Collected data:
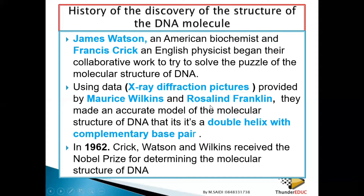Why? Because Rosalind Franklin did a greater job than Maurice Wilkin, because Maurice Wilkin just stored the information of Rosalind Franklin and took it to James Watson and Francis Crick.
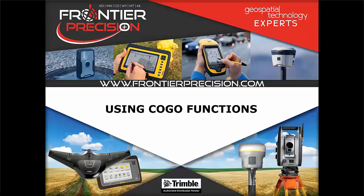This video is part of a series of Tech Talks in which we will be covering the COGO tools inside of Trimble Access.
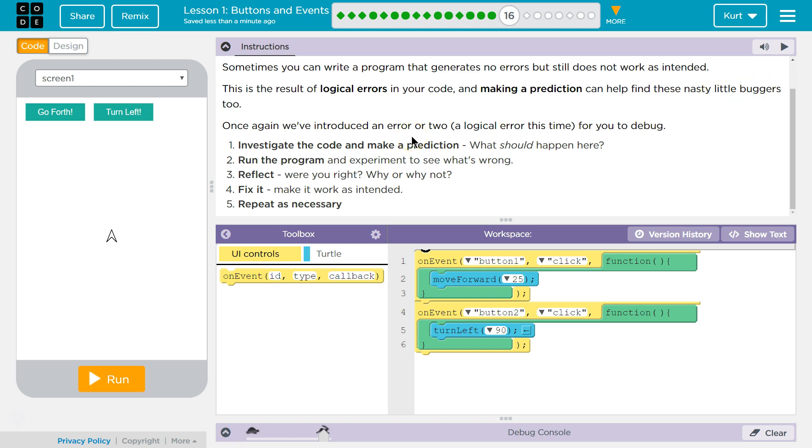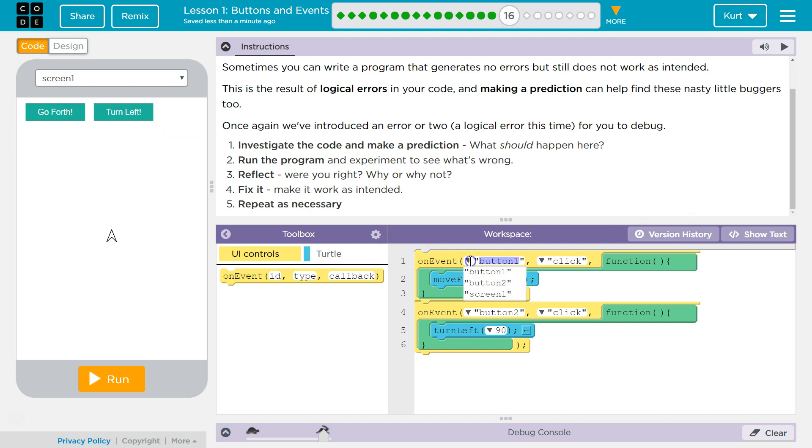Once again we've introduced an error or two, a logical error this time, for you to debug. So what is wrong with our code? Do we have something named button 1? We do.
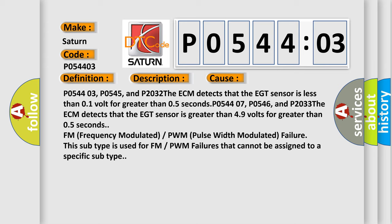P054407, P0546, and P2033: The ECM detects that the EGT sensor is greater than 4.9 volts for greater than 0.5 seconds.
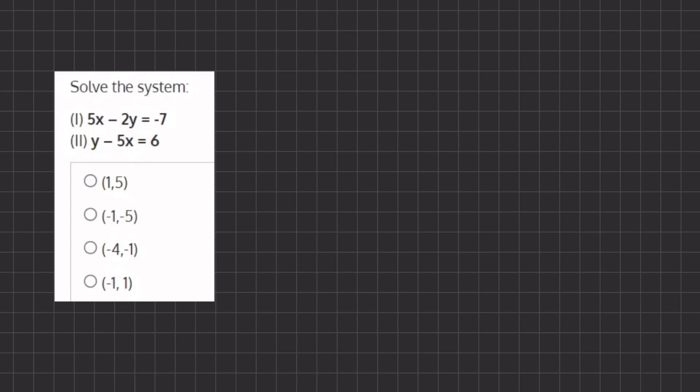We have a system of equations and we want to solve for the values of x and y. There are two methods to solve this problem: using the elimination or the substitution method. Let's start off using the elimination method.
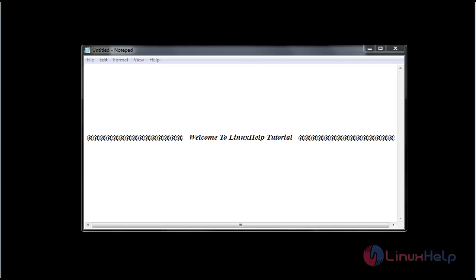Hello everybody, welcome to Linux Self Tutorial. Today I am going to show how to install Subgraph operating system. Subgraph OS is also based on Linux distribution. First, download the ISO package for Subgraph from its official website.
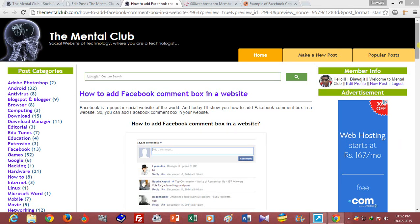Hi guys, this is Visujit. Today I am going to show you how to add a Facebook comment box in a website.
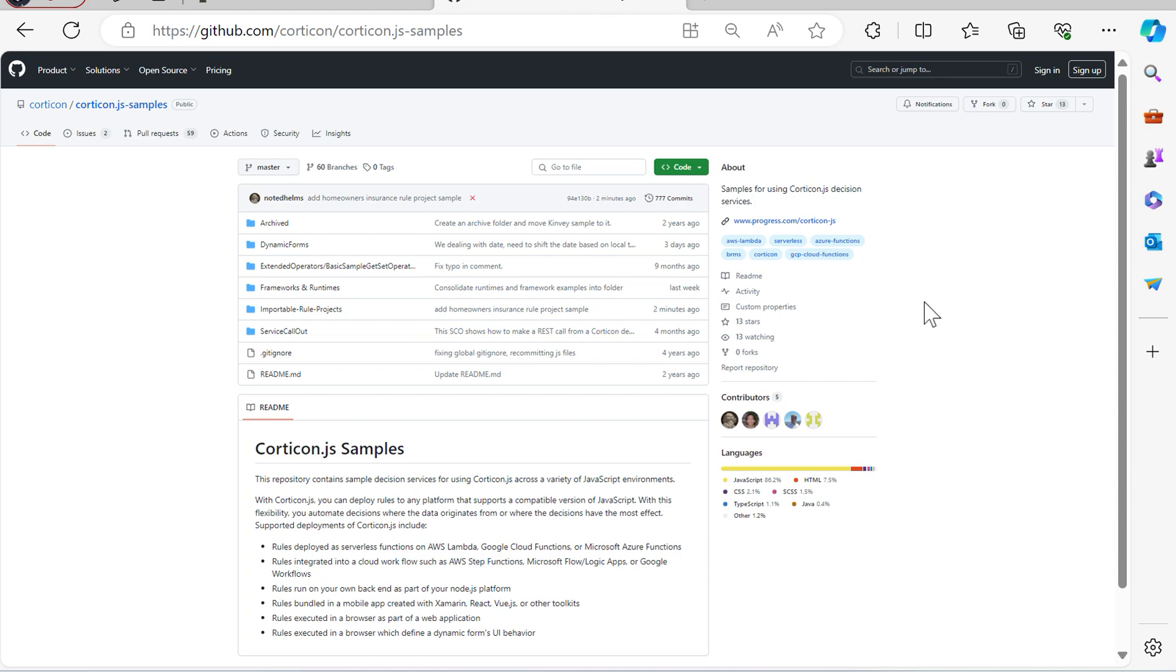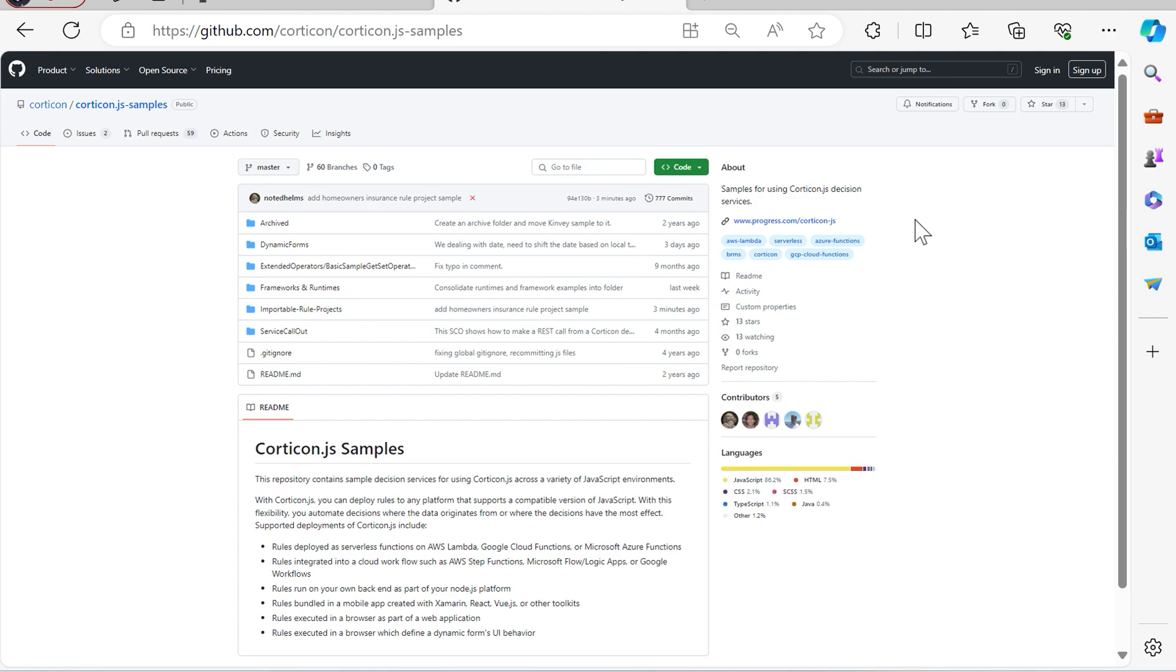Now, before we jump into Corticon JS Studio, let's quickly review how we can access both the rules themselves that will be generated into the Dynamic Form Decision Service, and likewise how we can download the test driver template that we were going over a moment ago within the browser to test the actual behavior of the generated decision service.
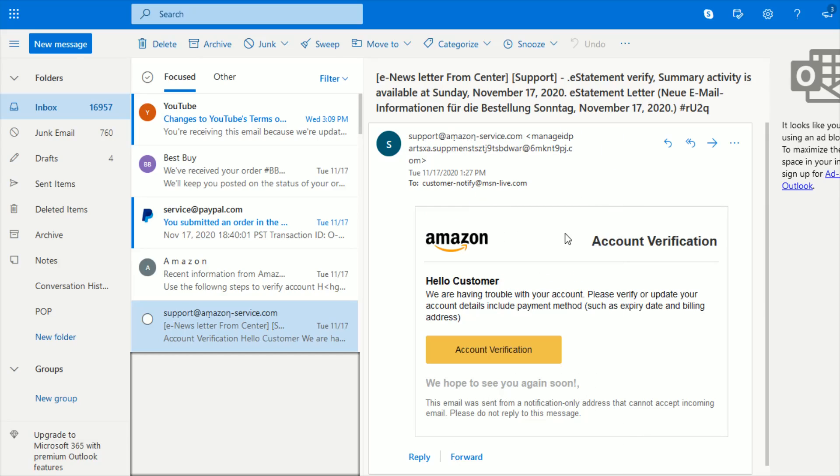But at the end of the day, you should never click on account verification or payment verification or anything such as that coming from these types of emails.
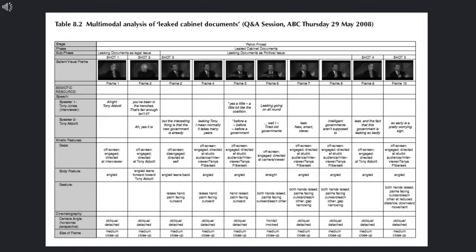The multimodal analysis of the extract with key salient frames is presented in this table. The following analysis reveals how the multimodal choices Tony Abbott makes, particularly with respect to linguistic choices, intonation, gesture, and body posture, work closely together to reorientate the discussion about the leaked documents from being a legal issue to a political issue, in order to criticize and undermine Kevin Rudd, the former Australian Prime Minister.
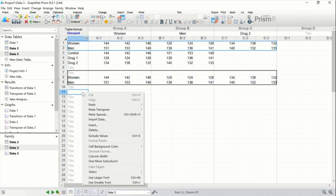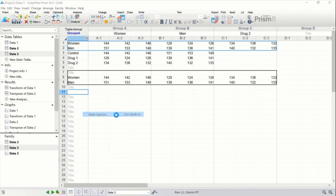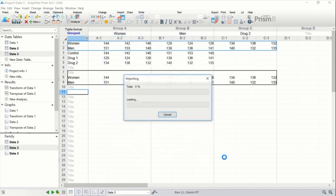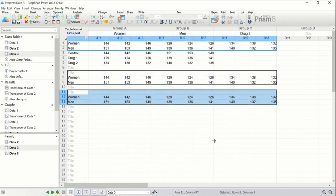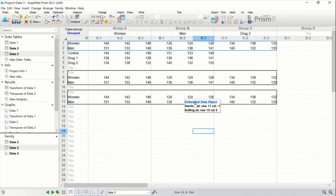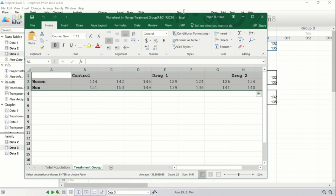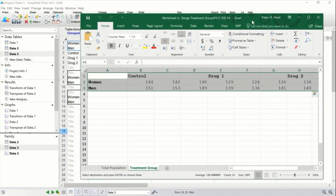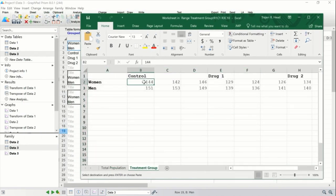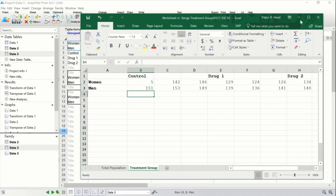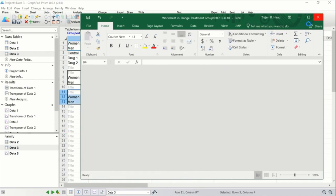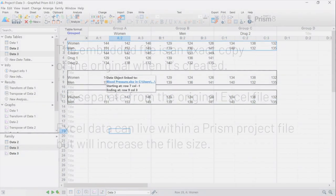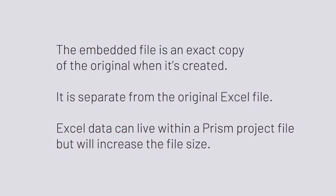Alternatively, we could have chosen to paste embed the data. Since the data is still copied, we could again go to the import and paste special dialog and choose embed. This time, when we click paste, the data are entered and linked, but the source of the data is a brand new copy of the Excel workbook that's stored within the Prism file. If I hover over the linked data to access the source, I can click on embedded data object to open the new Excel workbook with all of the sheets and data of the original. If I change a value in this workbook, the data linked from the embedded file will be updated, but the data linked from the external file won't be. The embedded file is an exact copy of the original when it's created, but is separate from the original Excel file. This means that your Excel data can live within your Prism project file, but has the drawback of increasing the file size of your Prism files.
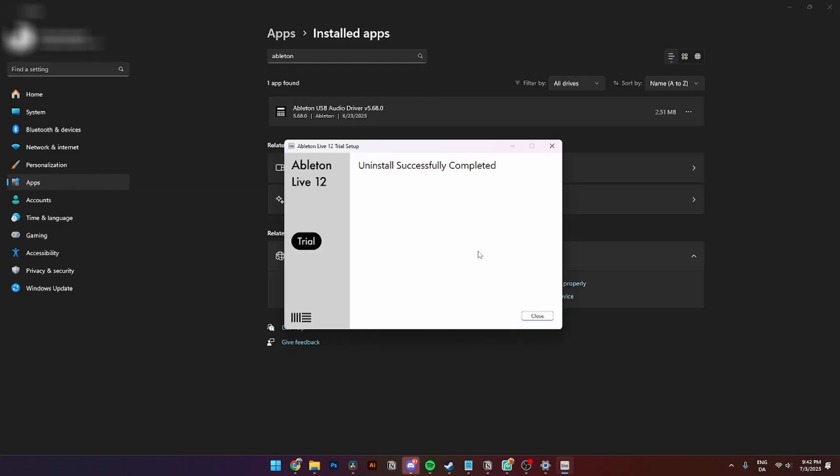When that is done uninstalling, you will see this icon up here: Uninstall Successfully Completed. You need to click Close.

PROMPT: The answer is the lines above from the one with "P054407, P0546, and" to the one with "Hi guys, this", set down exactly, with no pictures.

FINAL ANSWER:
P054407, P0546, and P2033: The ECM detects that the EGT sensor is greater than 4.9 volts for greater than 0.5 seconds.
We have a system of equations and we want to solve for the values of x and y. There are two methods to solve this problem: using the elimination or the substitution method. Let's start off using the elimination method.
Hello everybody, welcome to Linux Self Tutorial. Today I am going to show how to install Subgraph operating system. Subgraph OS is also based on Linux distribution. First, download the ISO package for Subgraph from its official website.
Hi guys, this is Visujit. Today I am going to show you how to add a Facebook comment box in a website.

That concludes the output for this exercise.